## [Aim of the exercise]
Please repeat, exactly as they stand, the line containing "Stofbloem Blauw Bloemmotief Save The Date" and the lines after it through the final line of the listing below, minus pictures.

## [Data extract]
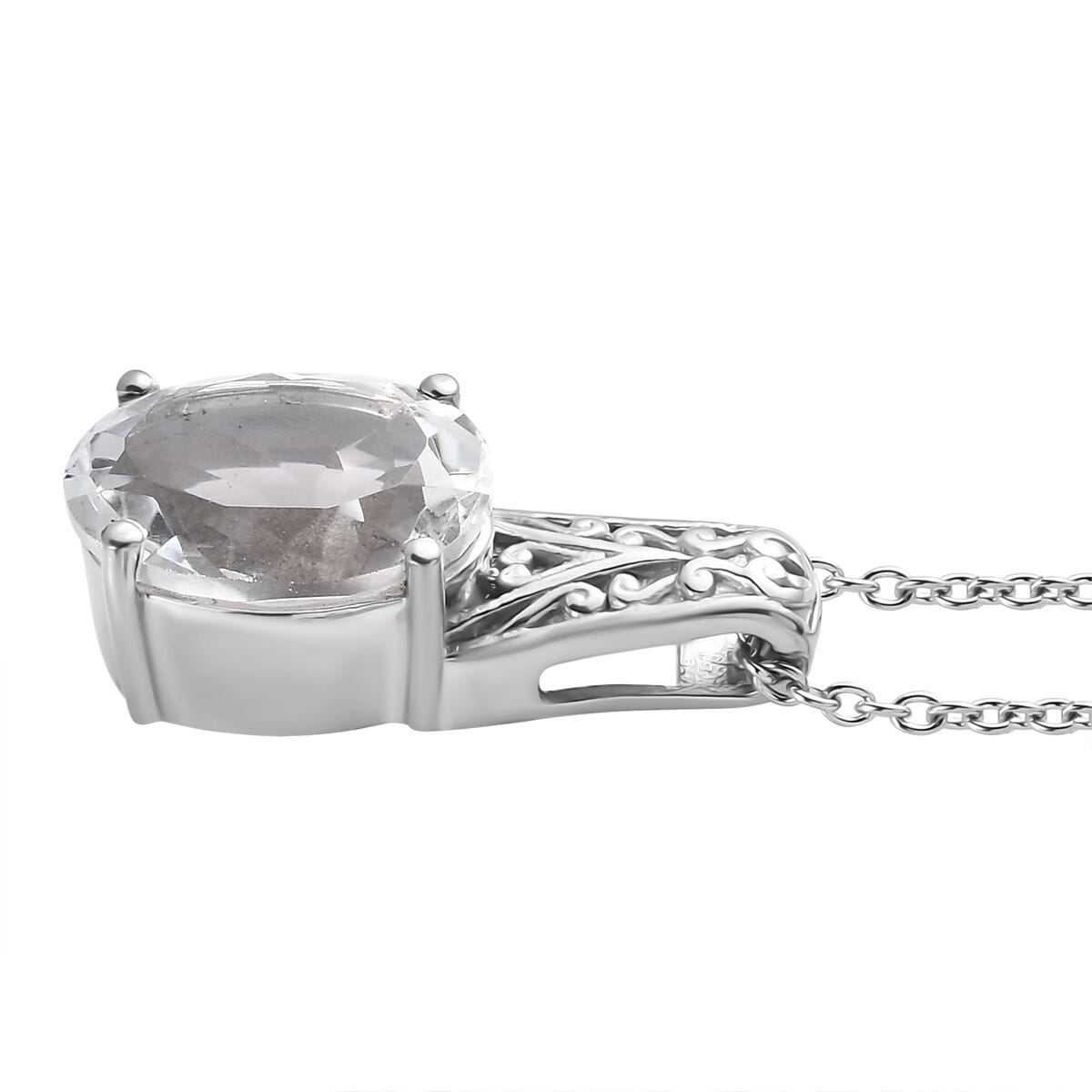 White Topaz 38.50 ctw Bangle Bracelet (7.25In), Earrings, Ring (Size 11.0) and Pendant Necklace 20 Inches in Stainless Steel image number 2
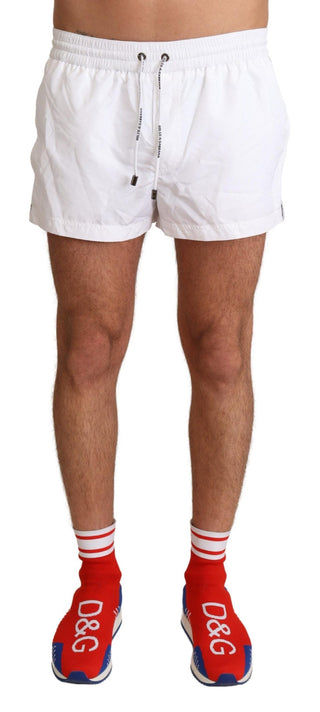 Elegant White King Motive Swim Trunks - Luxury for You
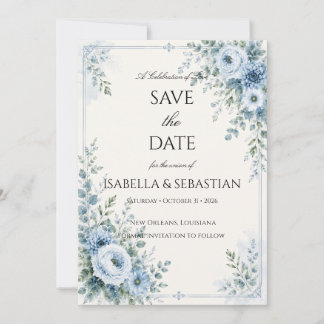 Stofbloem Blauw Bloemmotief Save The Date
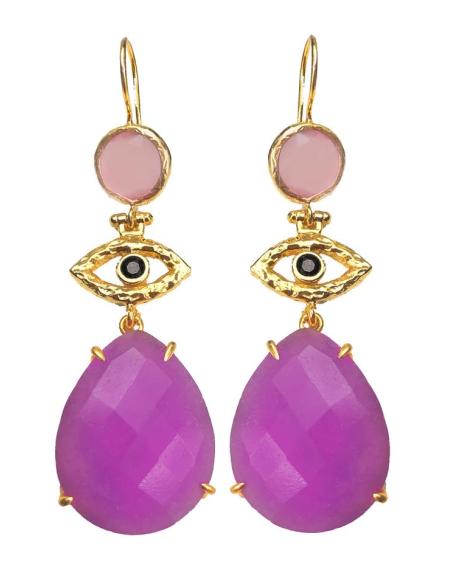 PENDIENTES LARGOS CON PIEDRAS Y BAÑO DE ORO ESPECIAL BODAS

## [Solved exercise]
 Stofbloem Blauw Bloemmotief Save The Date
 PENDIENTES LARGOS CON PIEDRAS Y BAÑO DE ORO ESPECIAL BODAS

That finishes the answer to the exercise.